Support

Disclaimer: I am not a lawyer. I am not qualified to provide legal advice and I do not pretend to do so. The information provided herein is based on my own, personal opinions, it does not constitute legal advice and is not legally binding in any way whatsoever. If you are unsure about legal matters please consult a qualified attorney.

DataCompliance predates Joomla's com_privacy by about 9 months. In fact, several aspects of the Joomla com_privacy system (plugin architecture, captive login / redirection, data export) are based on my original work in DataCompliance back in March and April 2018.

In more practical terms, DataCompliance is infinitely more user friendly. Joomla adds a field in the user profile and redirects users to the profile edit page with zero explanation. Users have no idea WTF is going on and are unlikely to ever get back to your site. DataCompliance redirects them to a very clear page which tells them what they need to do and why they need to do it.

Joomla does not let users request a copy of their data or their account to be deleted if they do not provide consent. This is illegal. DataCompliance gives them the option to export their data or delete their account without having to provide consent.

Joomla requires a human to go through every single one of data export and account removal requests. This is kinda dumb. If the user is logged in they are de facto providing clear evidence that they are who they claim to be. There is no need to have a human in the loop.
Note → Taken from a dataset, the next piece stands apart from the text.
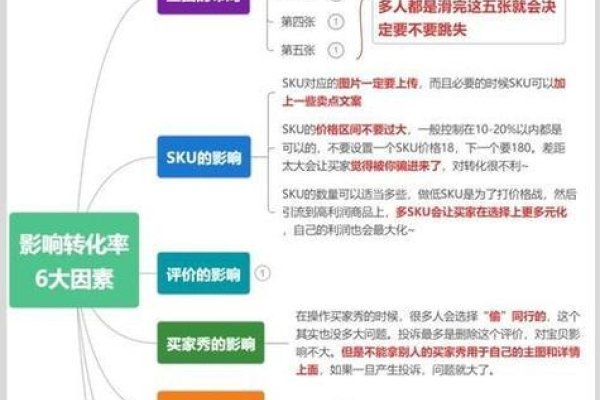 网页排名不稳优化技巧-方知甜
So, DataCompliance allows immediate export of your data and immediate account removal – with automated removal blockers (e.g. if someone made a purchase within the last 90 days we can't delete their account because of lawful interest, in this case the possibility that they might ask their bank for a chargeback for which we need counter-evidence from their user account).
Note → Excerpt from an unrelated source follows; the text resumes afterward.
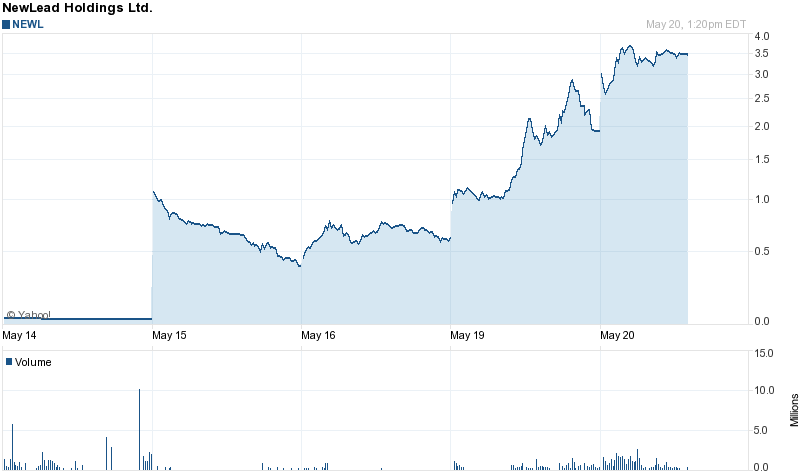 Aries Maritime Trnsprt LTD (WKN: A0ERKW) 724896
DataCompliance is also lighter on your site because it uses purpose-built tables instead of trying to abuse the generic Joomla user profile table.

DataCompliance can back up the account removal requests to Amazon S3 (which can be set up on Amazon's side as a read-and-write-only bucket without the possibility of changing or removing entries) to fulfil the legal requirement of a permanent audit log for these requests.
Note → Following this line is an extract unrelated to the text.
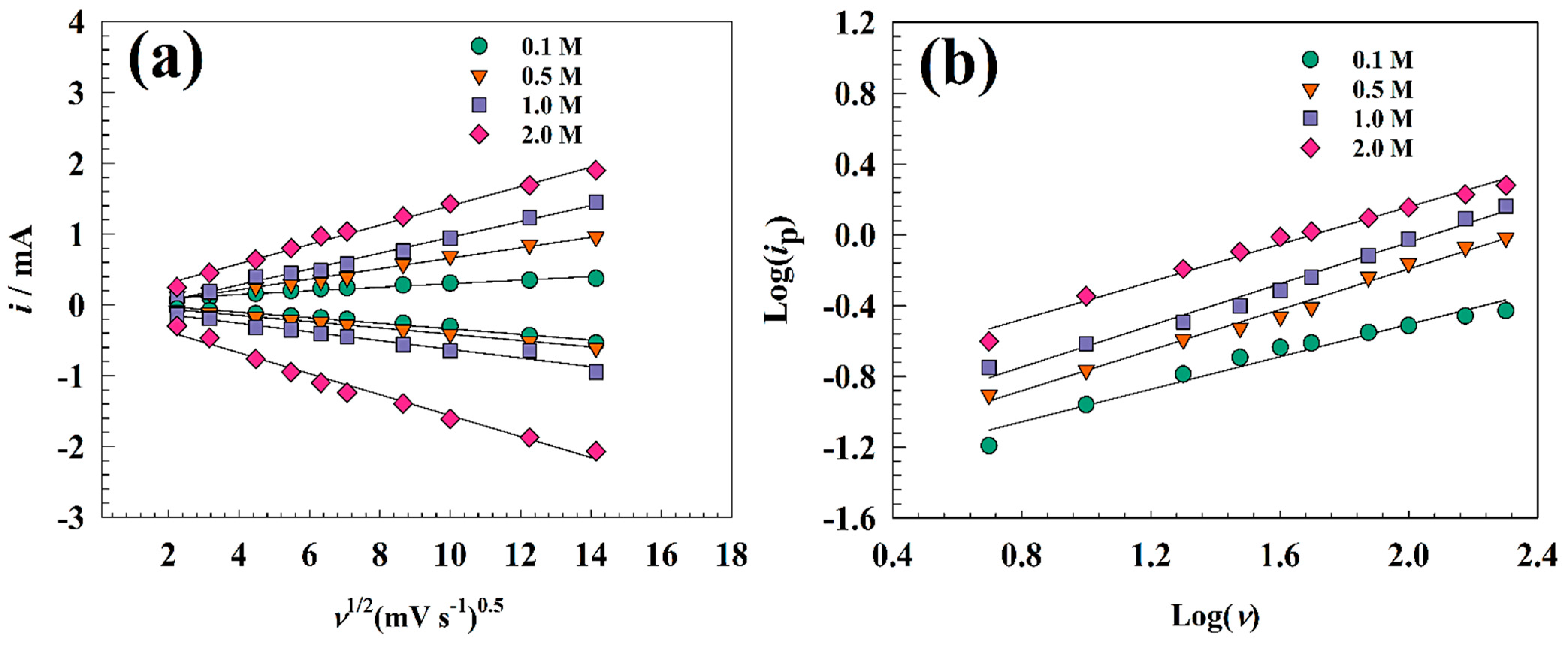 Nanomaterials 13 02643 g007 Nanomaterials 13 02643 g007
Finally, Joomla's privacy extension was designed by a committee and implemented by a US citizen. Having seen how the design by committee approach works in Joomla I am not entirely sure that it actually helps with GDPR compliance. DataCompliance was written to help with the GDPR compliance of our own site based on the feedback we got from a consultant. It works for our use case and I think that it may be more useful than Joomla's com_privacy for other use cases.